Here is the Grilled Chicken Breast recipe


  1. Miikkali

    Hi! I’m currently preparing this marinade for tomorrow’s dinner. Still a bit confused about what you mean by spoon. I’m familiar with teaspoons (5 ml) and tablespoons (15 ml), wondering which one you mean. As a laid-back person, I didn’t let this hinder me. I just went with teaspoons. I happened to have some honey spiced with cognac, so I used that. So, a little modification to your recipe, but I’m pretty sure it won’t do any harm.

    Sadly I won’t have the opportunity to cook outdoors in a proper grill, but will cook in the oven. I’ll report tomorrow.

    1. Johannes Leppihalme


      thank you for your note. I did miss the prefix for spoons. “Tea” it is and now updated accordingly. I am happy to learn you try out the recipe. Your modifications I welcome flags up high. Even more happy I am learning you are a laid-back person. That is what true BBQ is all about. Do not worry about cooking indoors. I have done that also with this recipe and it turned out well. It is all about attitude. You might want to try leaving some of the marinade on the bottom of your oven tray. It gives extra moisture and flavor to your meat.

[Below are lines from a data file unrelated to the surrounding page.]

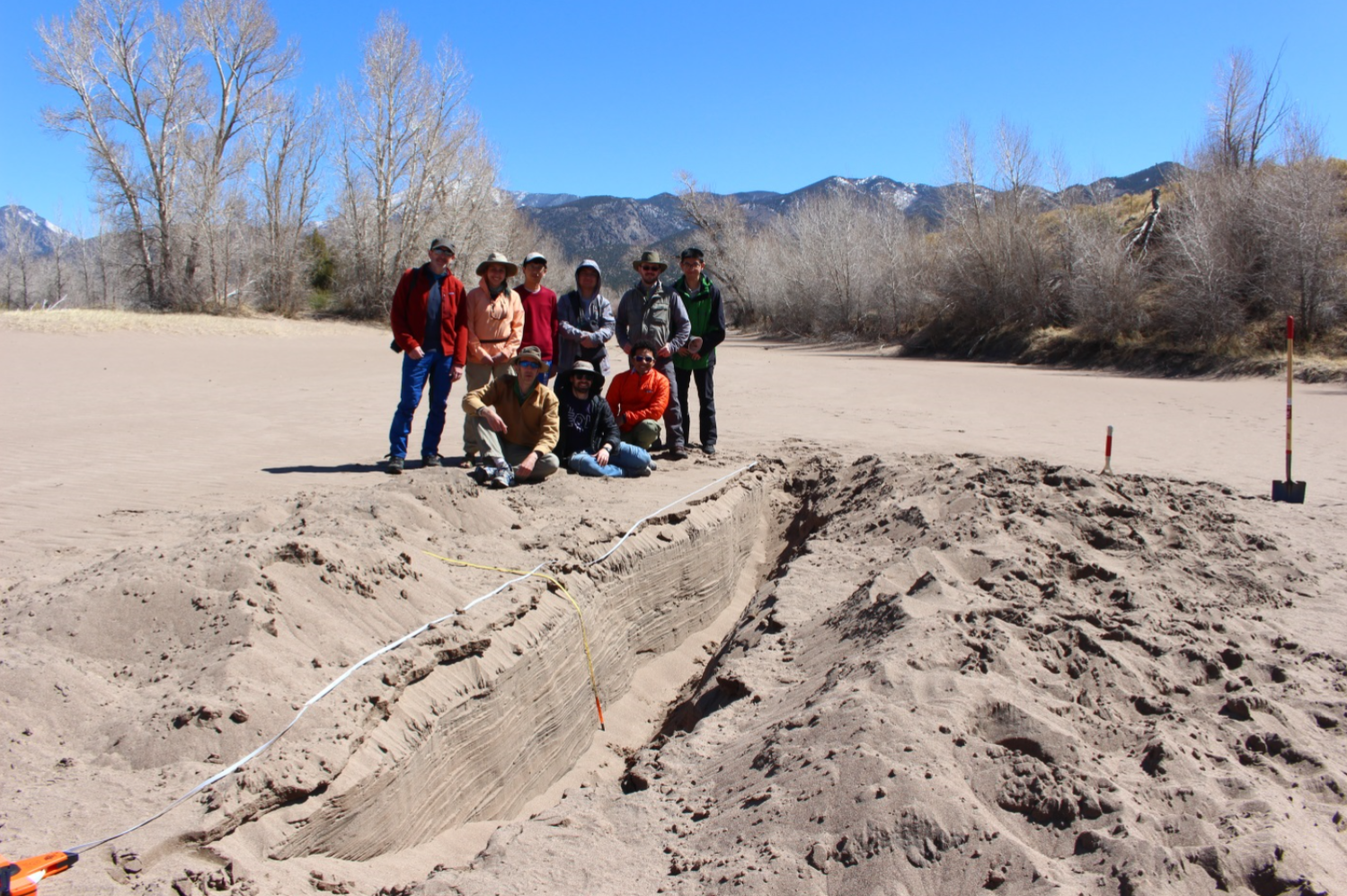 Trenching Medano Creek to examine supercritical flow sedimentary structures, Great Sand Dunes National Park, Colorado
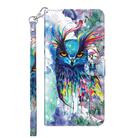 For Motorola Moto G54 3D Painting Pattern Flip Leather Phone Case(Watercolor Owl) - 2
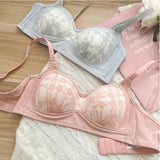 Summer Lace Half Cup Bra Small Bust Beachwear Gathering Light Support Pure Bralette Ultra Thin Wirefree Set AU MOYISU S-XL-32-38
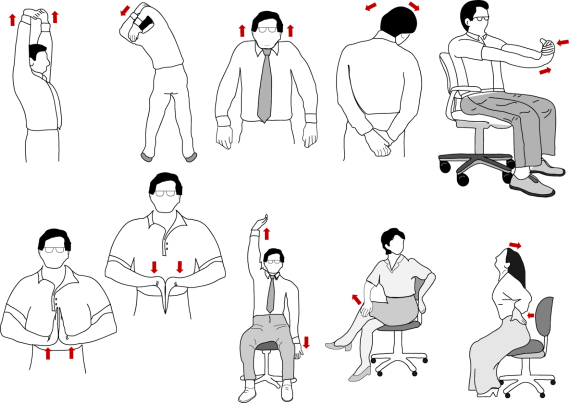 Imagini pentru exercitii stretching la birou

      Looking forward to your report!

      1. Miikkali

        A late commentary here. I let the chicken breasts soak in marinade for about 24 hours as suggested. I cooked them on a rack in the oven at 200 C. I made a mistake in not using a thermometer, so I overcooked them a bit. It was partly because I was waiting for the surface to brown but it didn’t, so I turned the knob and gave them an extra blast of heat for fivish minutes. Even if the result was a tad dry, the taste was excellent. I will try this again, but next time I will use a thermometer and adjust the heat. Or I might just fry them in a pan. The marinade is an excellent basic recipe and easily lends itself to variation. I could add some chile powder next time, perhaps substitute dry ground ginger with chopped fresh.

        1. Johannes Leppihalme

          Thanks. I am happy you liked it. I will take your tip on adding chile powder.